While his life as a university professor gave him the tools, his two decades as a rancher gave him the perspective to create art that reflects his surrounding landscapes. Waddell divides his time between his ranches and studios in Hailey, Idaho and Sheridan, Montana where he lives with Lynn Campion, writer and photographer. The viewer of his works is exposed to the illusion of reality and is given the chance to sense the isolation and grandeur of the unforgiving land of the West. He spends much time observing the places that interest him before he paints and then captures the intensity of the modern West by stacking elements and permeating the space with seasonal light which affects nature’s colors, forms, and animal life. This process allows him to manipulate the elements and to explore beyond traditional boundaries. He creates lush dimensional paintings with a swirling impression of landscape featuring cattle, sheep and horses. Each of his paintings is titled according to the geographic location which inspired it.
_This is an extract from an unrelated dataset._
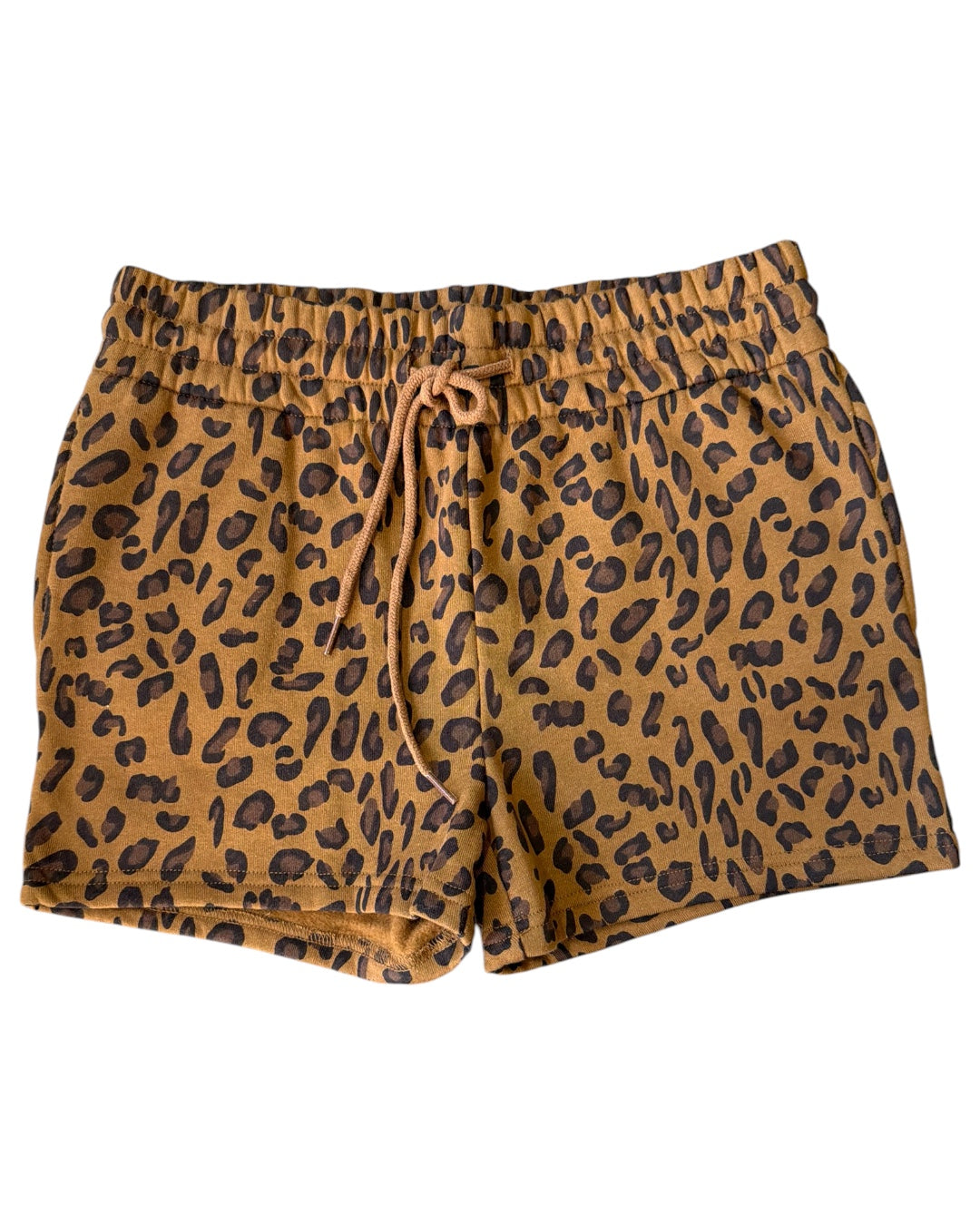 WEBSTAR CURSIVE SHORTS CHEETAH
As a painter he was influenced by Isabelle Johnson’s work and technique. Johnson was chairman of the art department at Eastern Montana College and a friend until her death in 1992. Waddell’s early works confined his view to more manageable tracts of landscape, restricting the skyline to a slim bar at the top of the image and flattening perspective through his choice of color. Waddell’s career took off in 1983 when he was invited to exhibit his work in the prestigious 2nd Western States Corcoran Exhibition which is a survey of American painting and is presented as a touring show every two years. In 2004 he was honored at the White House for having paintings in various U.S. Embassies. His works are found in private and corporate collections throughout the world.

Using his training in sculpture, Ted began to collect skulls and bones on his ranch property incorporating them into art in an effort to make the viewer consider the issue of mortality and his responsibility toward all creatures. The particular object which generates the sculpture often includes painted parts and these “trophies” are handled with humor which allows the seriousness of the content to be transformed.
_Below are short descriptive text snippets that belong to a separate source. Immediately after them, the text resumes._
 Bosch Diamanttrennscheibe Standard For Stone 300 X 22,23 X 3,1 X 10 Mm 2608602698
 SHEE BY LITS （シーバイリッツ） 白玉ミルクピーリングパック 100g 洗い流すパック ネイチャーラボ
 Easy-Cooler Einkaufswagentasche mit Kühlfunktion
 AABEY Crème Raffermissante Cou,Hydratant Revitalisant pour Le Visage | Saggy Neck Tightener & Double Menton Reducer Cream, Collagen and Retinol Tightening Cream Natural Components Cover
Waddell attended Brooklyn Museum Art School, Montana State University, and Wayne State University. His works have been exhibited in galleries and museums throughout the country. Theodore Waddell works of steel sculpture from his early career are fixed in public places throughout Montana and on his farm in Hailey, Idaho. He also developed an interest in printmaking which began in graduate school at Wayne State and spent two years learning the rudimentary concepts. The second printmaking opportunity presented itself in the early ’80s when he was invited to create monotypes at the Experimental Workshop. He now has a fully equipped print studio where he does monotypes and woodcuts. He does his lithographs at Lawrence Lithography Workshop.

Theodore Waddell’s art is always evolving and has struck a chord with viewers of it. Washington photographer Chuck Kuhn wrote, “To my way of thinking, his art is a living treasure of the best of Montana and stands tall against any contemporary art – and not just in the West.” Bob Durden, Curator of Art for the Paris Gibson Square Museum of Art in Great Falls, Montana writes in their catalogue The Weight of Memory which describes the pictorial tradition of the West, “Theodore Waddell became one of the artistic voices who lit the way for modern and contemporary art developments in the region, and though obvious visual differences abound, an empathy and continuity exists between the works by Waddell and his artistic ancestors. Mostly gone now are the expansionist attitudes of the 19th and early 20th centuries, but much romaticism and the pictorial tradition remain in the region joined by a rich modern/contemporary tradition that Theodore Waddell has helped define.”